太郎は、同年、会社合理化のため、従業員を一一名から七名に減らし、さらに、右負債を返済するため原告会社の事務所及び貸店舗の外、太郎が父から譲り受けた土地を含む自宅の土地建物も売却することを決意した。太郎は、同年一二月頃、原告会社及び太郎の所有する土地建物のすべてを四億四〇〇〇万円で売却し、右売却代金で負債を返済したが、それでも一億円程度の負債が原告会社に残った。
原告会社は、平成四年九月の決算時、完成工事高約一億七一〇〇万円、営業損失約六五〇〇万円、負債約一億五〇〇〇万円であった。
2 以上に認定した客観的状況から本件事故が太郎の運転上の過失に起因したものか自殺によるものかを検討する。
(一) 原告らは、太郎が、国道二一二号線を杖立方面から日田方面へ進行するにあたり第一松原隧道の先にある約九〇度の左カーブから直線道路に入る瞬間、ハンドル操作を過って左にハンドルを切り、急ブレーキを踏む間もなく、本件空き地を突き抜け松原ダム湖内に転落した旨主張する。しかし、前記認定によれば、本件事故現場付近の国道二一二号線の道路状況は、杖立方面から日田方面に向かって進行する場合、第一松原隧道に続いて九〇度の左急カーブがあり、それに続いて直線道路を約一〇メートル進行すると左方に本件空き地の進入口があり、それより手前にはコンクリートブロックが存在して、本件空き地に進入することができないという状況にあることが認められる。そうすると、本件空き地に進入するには、第一松原隧道を抜けて左にハンドルを転把して左カーブを曲がった後に、ハンドルを戻し、一旦直進した後、さらに左にハンドルを転把するという操作をしなければならないのであって、太郎が本件空き地に進入したのは、太郎の意図によることが窺われ、原告らが主張するようにハンドル操作を誤ったものであるという状況にはないものといわなければならない。
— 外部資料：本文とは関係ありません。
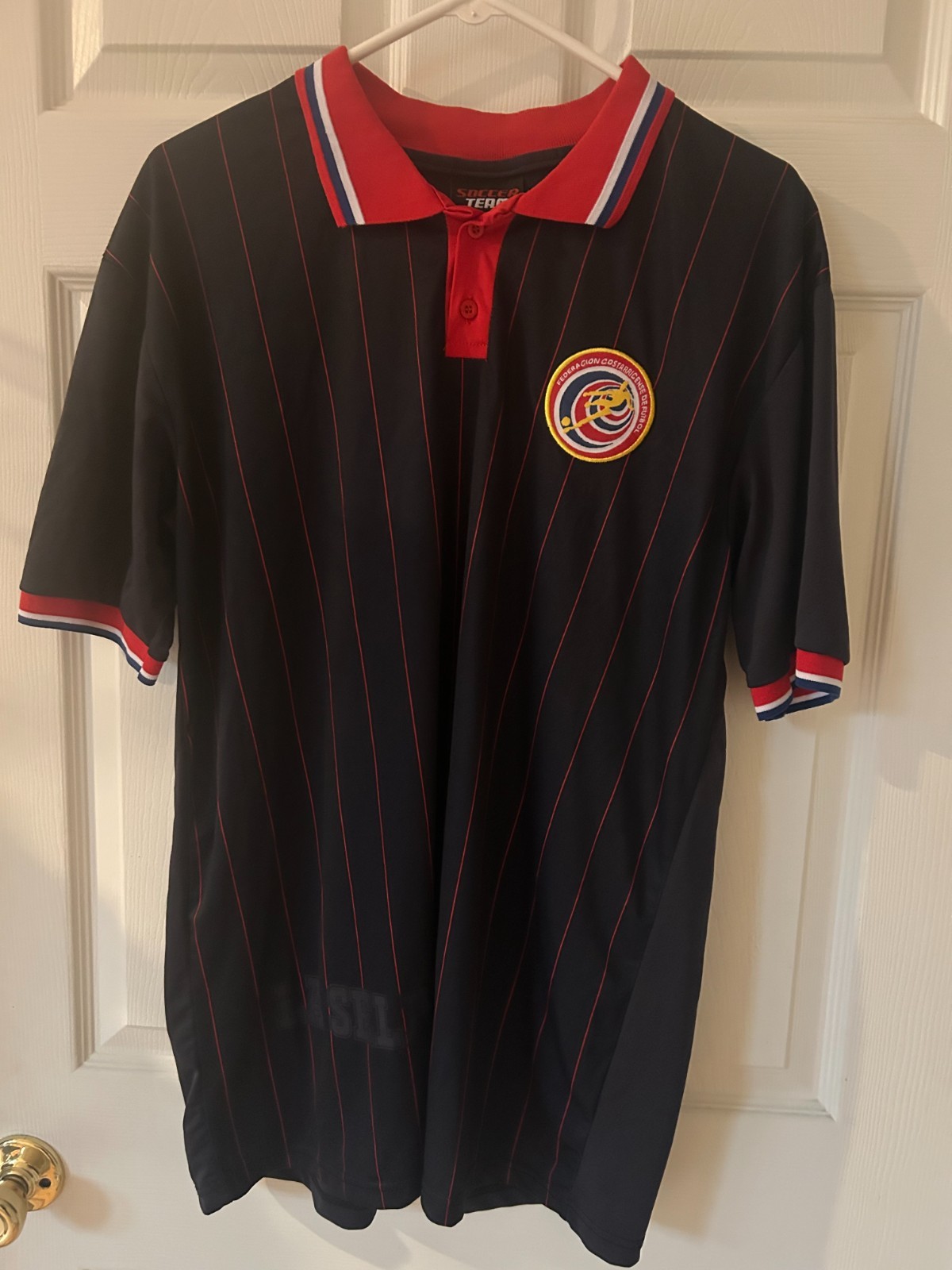 Vintage Costa Rica National Soccer Team Dark Navy Jersey w/Red Pinstripe Size XL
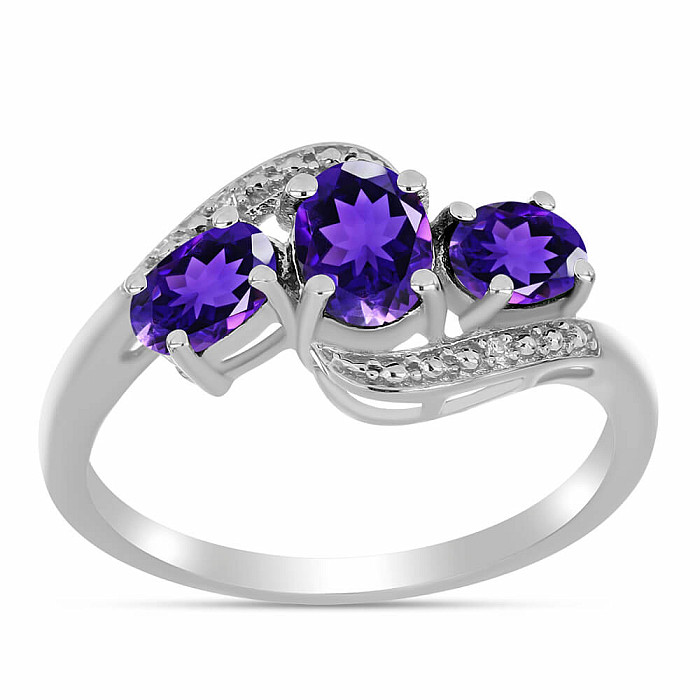 Prsten stříbrný s africkým ametystem a zirkony Ag 925 016535 AFAM - 62 mm  2,8 g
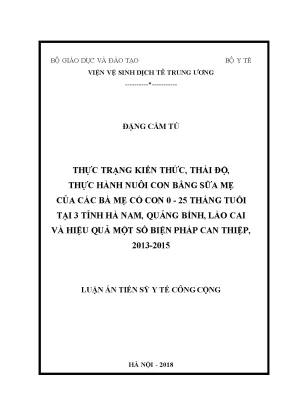 Nghiên Cứu Kiến Thức và Thực Hành Nuôi Con Bằng Sữa Mẹ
(二) また、前記認定のとおり、本件事故の発生時刻は、八月二五日という季節の午後七時で、遠方から車両の色を見分けられる程度の明るさがあり、本件空き地と国道二一二号線を隔てるコンクリート壁及び道路の中央線、本件空き地の進入口は、ヘッドライトを照射しなくても十分視認できたのであるから、太郎が本件空き地の進入口を道路と見誤ってそのまま進入したとも認められない。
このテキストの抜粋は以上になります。